**DATA FOR REVIEW**.
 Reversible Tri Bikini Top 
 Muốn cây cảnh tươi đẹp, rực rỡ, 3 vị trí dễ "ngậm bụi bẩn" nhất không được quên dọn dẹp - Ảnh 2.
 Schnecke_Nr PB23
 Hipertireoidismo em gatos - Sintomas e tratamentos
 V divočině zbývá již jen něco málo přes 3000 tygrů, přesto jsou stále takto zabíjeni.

**PROBLEM**. Each record needs to be given again exactly.

**OUTPUT BELOW**.
 Reversible Tri Bikini Top 
 Muốn cây cảnh tươi đẹp, rực rỡ, 3 vị trí dễ "ngậm bụi bẩn" nhất không được quên dọn dẹp - Ảnh 2.
 Schnecke_Nr PB23
 Hipertireoidismo em gatos - Sintomas e tratamentos
 V divočině zbývá již jen něco málo přes 3000 tygrů, přesto jsou stále takto zabíjeni.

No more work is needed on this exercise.